United States: Rittenhouse verdict gives vigilantes green light to kill

November 22, 2021
Issue 
jacob_blake_demonstration_poster
Kyle Rittenhouse shot his victims while they protested for justice for Jacob Blake, who was paralysed from the waist down by a police shooting. Image: Wikimedia Commons

It was expected. The judge was clearly on the side of teenager Kyle Rittenhouse, the white vigilante from Illinois.

The 12 jurors found Rittenhouse not guilty for the deaths of Joseph Rosenbaum, 36, and Anthony Huber, 26, and for wounding Gaige Grosskreutz, now 27. Rittenhouse shot them with an AR-15 rifle during a Black Lives Matter (BLM) protest in Kenosha, Wisconsin, on August 25 last year.

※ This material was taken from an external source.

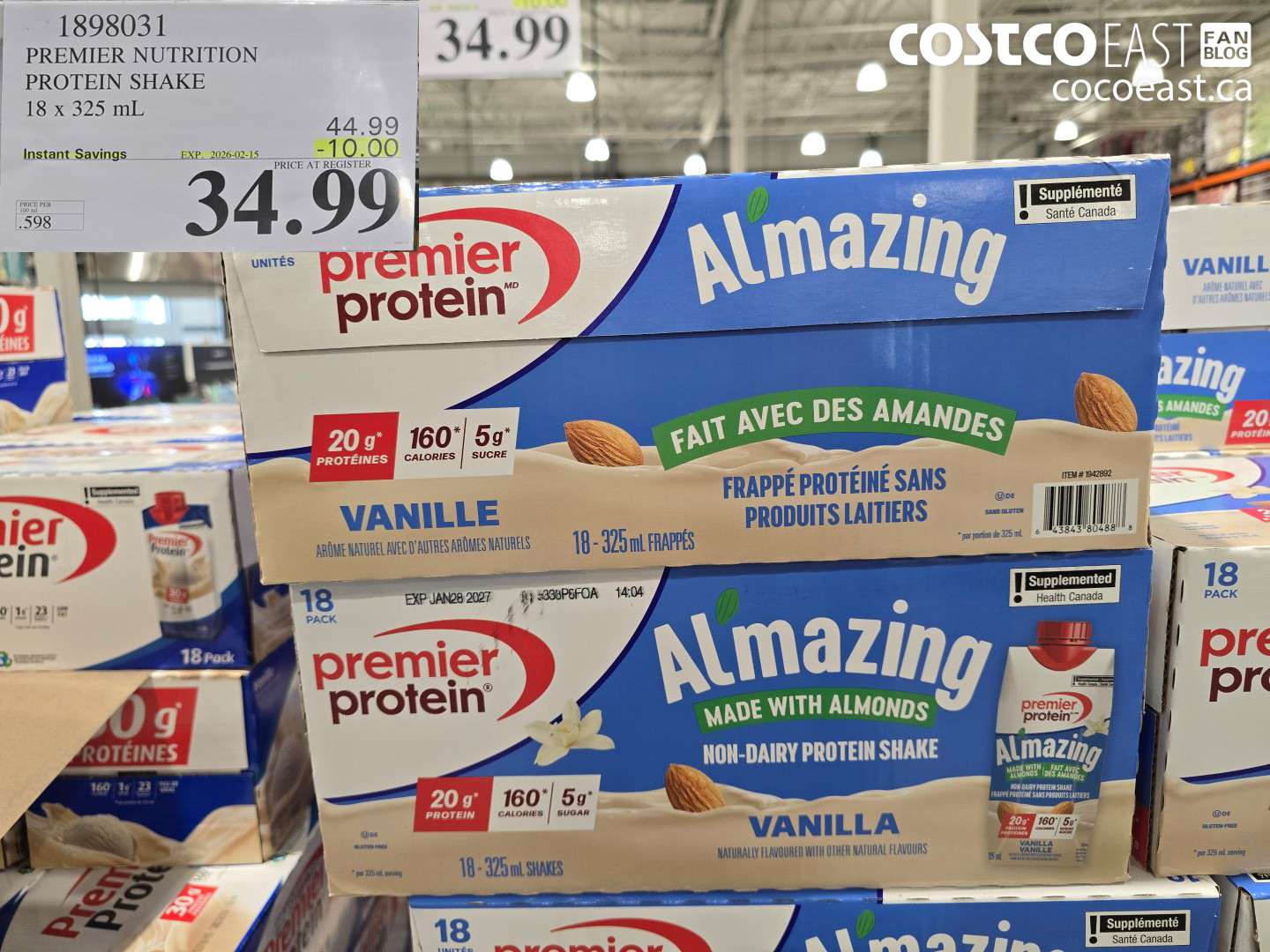 1898031 PREMIER NUTRITION PROTEIN SHAKE 18 X 325 ML ($10.00 INSTANT SAVINGS EXPIRES ON 2026-02-15) $34.99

The BLM protest was held following the police shooting of Jacob Blake. The young Black man was shot seven times in the back by a white police officer. The cop, claiming a threat to his life and “self defence”, was never prosecuted.

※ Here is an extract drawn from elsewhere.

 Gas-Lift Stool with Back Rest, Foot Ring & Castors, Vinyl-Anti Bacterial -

Defence lawyers said Rittenhouse, then 17, was also acting in self-defence.

Rosenbaum was unarmed and Rittenhouse said he knew that. Huber was on a skateboard and confronted the armed teenager.

The judge, an elected official, refused to allow the dead men murdered by Rittenhouse to be called “victims”, but allowed the defence to refer to them as “rioters” as they protested the shooting of Blake.

The jury also found Rittenhouse, now 18, not guilty of two felony charges of recklessly endangering safety.

The white supremacist called his murderous action “self-defence”, even though he crossed state lines to oppose the protesters and support the cops.

White supremacists can now claim self-defence whenever they infiltrate protests and provoke a situation. It is a green light for white terrorism.

President Joe Biden saw it otherwise, praising the legal system that let Rittenhouse off. “We must acknowledge the jury has spoken.”

Blake’s shooting and Rittenhouse’s actions were not mentioned by Biden. Blake was paralysed from the waist down in the shooting that led to days of, at times, violent protests in Kenosha and across the country. 

Every Black person knows the true history of US racial injustice, from slavery to de facto and de jure segregation. Both were legal. Black protests, on the other hand, are seen as illegal by the far right.

Some say there are two different legal systems. In fact, there is only one legal system — Black people are presumed guilty, and whites are presumed innocent, and thus free to murder Black people and white allies who protest the racist system.

Huber's parents, Karen Bloom and John Huber, said they are “heartbroken and angry” over Rittenhouse’s acquittal.

“Today's verdict means there is no accountability for the person who murdered our son,” they said. "It sends the unacceptable message that armed civilians can show up in any town, incite violence, and then use the danger they have created to justify shooting people in the street."

There is no justice. It is likely there will be civil suits against Rittenhouse and other vigilantes. The Department of Justice is unlikely to do anything, just as it failed to file federal charges when Blake was shot.

The lesson is clear: under the US Constitution, the First Amendment supports the right to protest and freedom of speech, and the Second Amendment allows the formation of state militias and to bear arms; but the Rittenhouse verdict means white male vigilantes can use the Second Amendment to trump the First.

If Rittenhouse had been an African-American teenager, he would probably have been shot rather than arrested, and definitely convicted.

The two white men Rittenhouse gunned down are considered traitors to the white race, in the eyes of white vigilantes and supremacists. Since the days of white abolitionist John Brown, it is considered a crime to be a friend of Black freedom.

“Not guilty” is not the same as being “innocent”. The fight for justice will continue.